Word for word, restate the lines of the listing below from the line with "Boxy Cut Wide" through the line with "Southern Hemisphere Constellation", and do not include the pictures.

## Data excerpts
------------
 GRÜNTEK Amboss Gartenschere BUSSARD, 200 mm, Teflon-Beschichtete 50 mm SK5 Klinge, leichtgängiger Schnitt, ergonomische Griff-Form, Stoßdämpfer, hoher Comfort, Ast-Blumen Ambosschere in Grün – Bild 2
------------
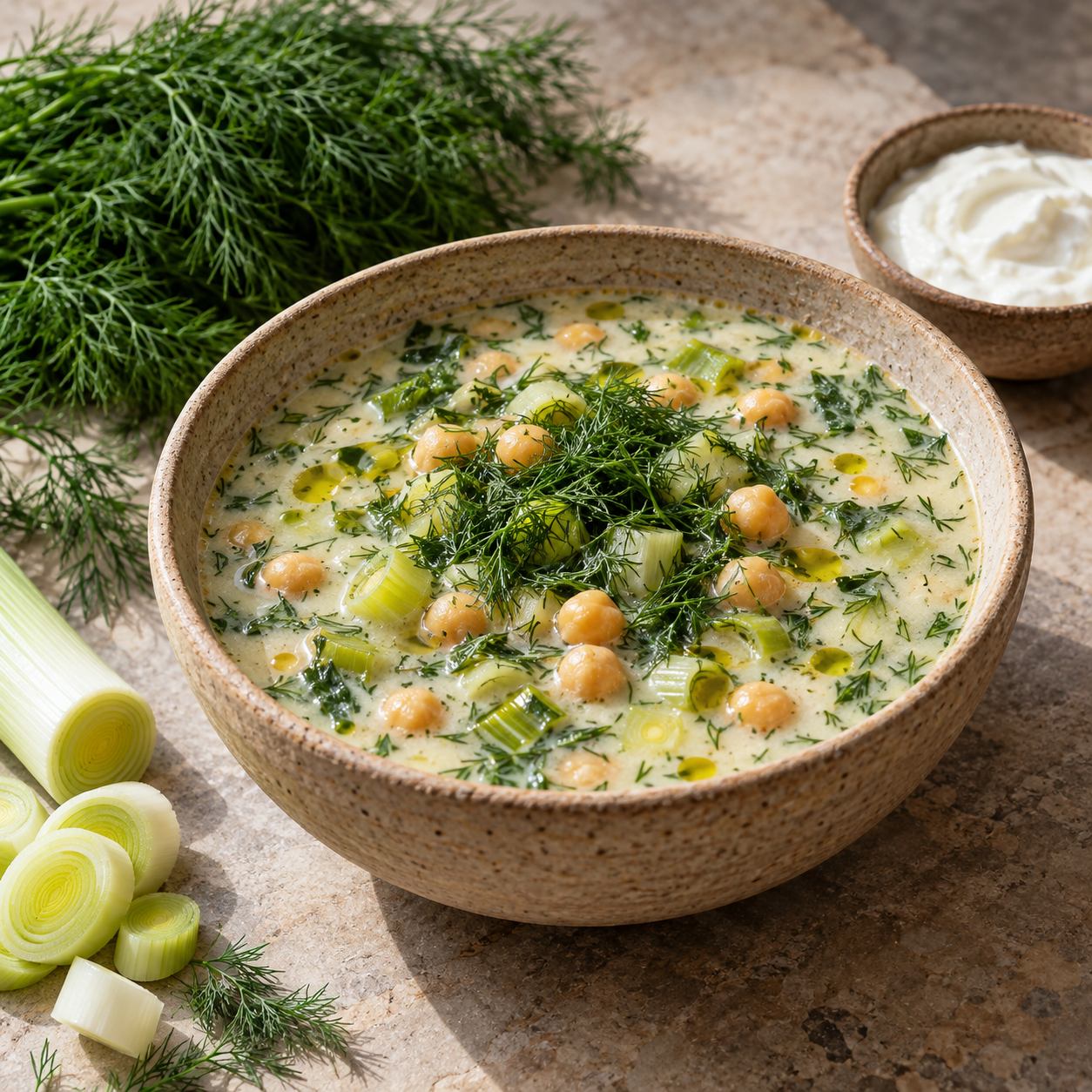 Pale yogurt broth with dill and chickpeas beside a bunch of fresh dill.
------------
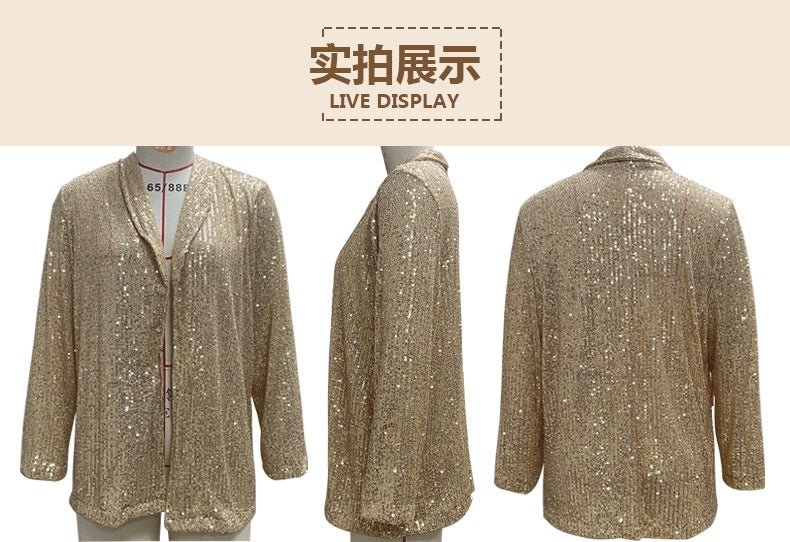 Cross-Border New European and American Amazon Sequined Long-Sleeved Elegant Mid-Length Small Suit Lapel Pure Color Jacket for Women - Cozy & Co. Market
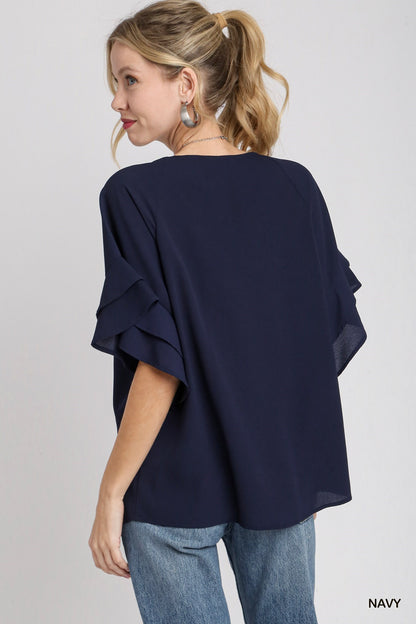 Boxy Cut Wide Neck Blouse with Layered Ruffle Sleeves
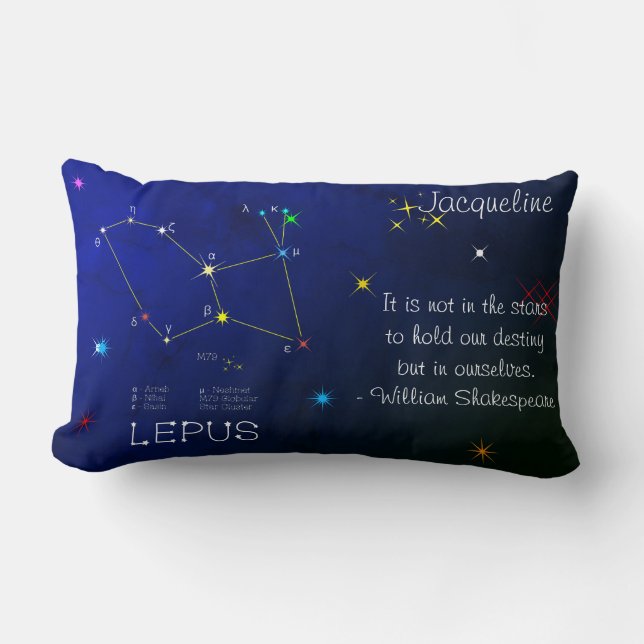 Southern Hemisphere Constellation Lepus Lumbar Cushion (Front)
------------
## Exercise solution
 Boxy Cut Wide Neck Blouse with Layered Ruffle Sleeves
 Southern Hemisphere Constellation Lepus Lumbar Cushion (Front)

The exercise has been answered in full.